China-focused exporter JAT Energy is making a move into the lucrative infant milk formula sector, this morning unveiling its acquisition of a 70 per cent stake in manufacturer Australian Natural Milk Association (ANMA).

The deal, worth $12 million in cash and $2 million in JAT shares, will be staged in six tranches until June 30, 2020 and gives the exporter control of the supply chain of one of its major products.

ANMA already has key Chinese regulatory approvals, and gives JAT the opportunity to sell its in-house brands into the Chinese markets.

9.08am: Nick Scali warns of negative growth

Furniture retailer Nick Scali has warned of negative same store sales growth to start the September quarter, but said it still swung to a record profit over the full year.

Handing down its results this morning, the retailer posted net profit after tax of $42.1 million, up 2.8 per cent on last year, alongside a 6.9 per cent boost to revenue.

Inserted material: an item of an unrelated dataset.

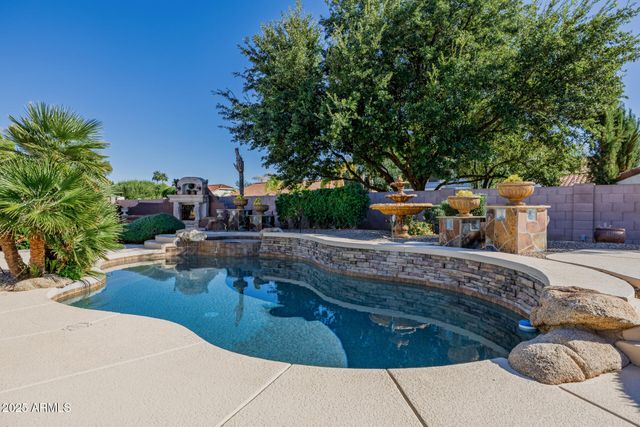 7281 W CIELO GRANDE Avenue, Peoria, AZ 85383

But despite that, it said operating expenses were increasing thanks to wage and property costs and same store sales were flat for most of the year, with a slip to start the new year.

“As a furniture retailer, Nick Scali Limited is very dependent on housing sales and renovations which have been in decline, and trading conditions will likely only materially improve when there is an uplift in housing sales and renovations,” it said.

9.02am: BHP throws $418m at oil project

BHP has approved $US283 million ($418m) in funding to develop its oil and gas project in Trinidad and Tobago.

The Ruby project has estimated recoverable resources of 13.2 million barrels of oil, and 274 cubic feet of natural gas, with first production expected in 2021.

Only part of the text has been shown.